Sign up on the mailing list!

Please volunteer!
It would be great, if you could volunteer to present a paper or even your own research.

Schedule
Thursday, November 18, 2pm, Room 32-G451 Presenter: David Kauchak
Papers: "Robust Sub-Sentential Alignment of Phrase-Structure Trees", Declan Groves, Mary Hearne and Andy Way (Dublin City University)
pdf
Thursday, November 4, 2pm, Room 32-G451 Presenter: Philipp Koehn
Papers: "Example-based Machine Translation Based on Syntactic Transfer with Statistical Models", Kenji Imamura, Hideo Okuma, Taro Watanabe, and Eiichiro Sumita (ATR);
"Hierarchical Phrase Alignment Harmonized with Parsing", Kenji Imamura (ATR)
pdf
pdf
Thursday, October 28, 2pm, Room 32-G451 Presenter: Luke Zettlemoyer
Paper: "Syntax-Based Alignment: Supervised or Unsupervised", Hao Zhang and Daniel Gildea (Univ. Rochester)
pdf
Thursday, October 21, 2pm, Room 32-G451 Presenter: Philipp Koehn
Paper: "A Path-Based Transfer Model for Machine Translation", Dekang Lin (Univ. Alberta)
pdf
Thursday, July 15, 2pm, Room 32-261 Presenter: Philipp Koehn
Paper: "Improving a Statistical MT System with Automatically Learned Rewrite Patterns", Fei Xia and Michael McCord (IBM)
pdf
Thursday, July 8, 2pm, Room 32-261 Presenter: Brooke Cowan
Paper: "Greedy Decoding for Statistical Machine Translation in Almost Linear Time", Ulrich Germann (ISI)
pdf
Thursday, July 1, 2pm, Room 32-261 Presenter: Philipp Koehn
I will share some impressions from the DARPA MT Eval Workshop, which took place last week in Washington, DC.
-
Thursday, June 10, 2pm, Room 32-G451 Presenter: Philipp Koehn
Paper: Discriminative Reranking for Statistical Machine Translation Shen, Sarkar, and Och
-
Thursday, May 14, 2pm, Room 32-G451 Presenter: Philipp Koehn
Let's meet tomorrow and chat about the new papers in statistical MT presented at HLT-NAACL. I will also share some lessons from this year's DARPA MT Eval, which is going on right now.
-
Thursday, April 29, 2pm, Room 32-261 Presenter: Philipp Koehn
Paper: "Minimum Error Rate Training in Statistical Machine Translation", Franz Och (ISI)
pdf
Thursday, April 22, 2pm, Room 32-261 Presenter: Michael Collins
Paper: "Head Automata and Bilingual Tiling: Translation with Minimal Representations", Hiyan Alshawi (AT&T)
pdf
Thursday, April 15, 2pm, Room 32-261 Presenter: Philipp Koehn
Tutorial: "My statistical machine translation system: A look under the hood"

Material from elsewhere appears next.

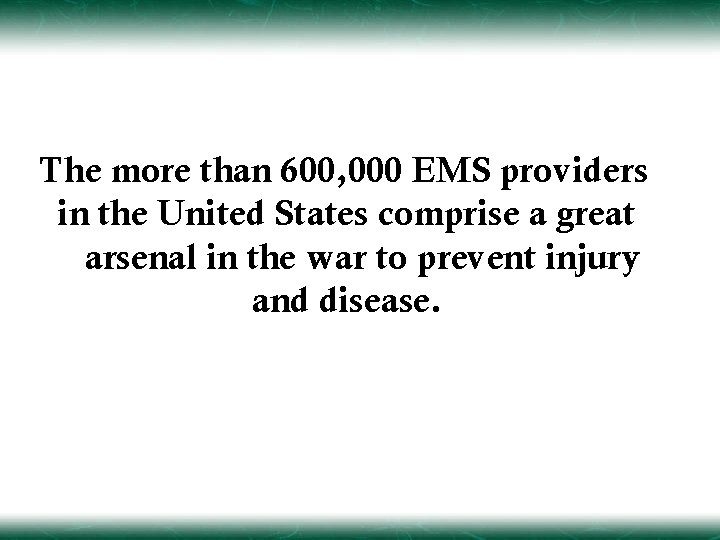 The more than 600, 000 EMS providers in the United States comprise a great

Everbody should have a rough understanding of the phrase translation model that I discussed in the tutorial. Check my NAACL paper for some background. Tomorrow, I will open the hood and offer a look into the inner workings, the data structure files, etc. At the end of the day, you will be able to train and run your own statistical machine translation system.
paper
handout
manual
Thursday, April 8, 3pm, Room 32-261 Presenter: Luke Zettlemoyer
Paper: "What's in a translation rule?", Michael Galley (Columbia), Mark Hopkins (UCLA), Kevin Knight and Daniel Marcu (USC)
Abstract: We propose a theory that gives formal semantics to word-level alignments defined over parallel corpora. We use our theory to introduce a linear algorithm that can be used to derive from word-aligned, parallel corpora the minimal set of syntactically motivated transformation rules that explain human translation data.
pdf
Thursday, April 1, 3pm, Room 32-261 Presenter: David D. Palmer, Virage Advanced Technology Group
Talk: "Statistical Machine Translation in Real-time Multilingual Video Processing"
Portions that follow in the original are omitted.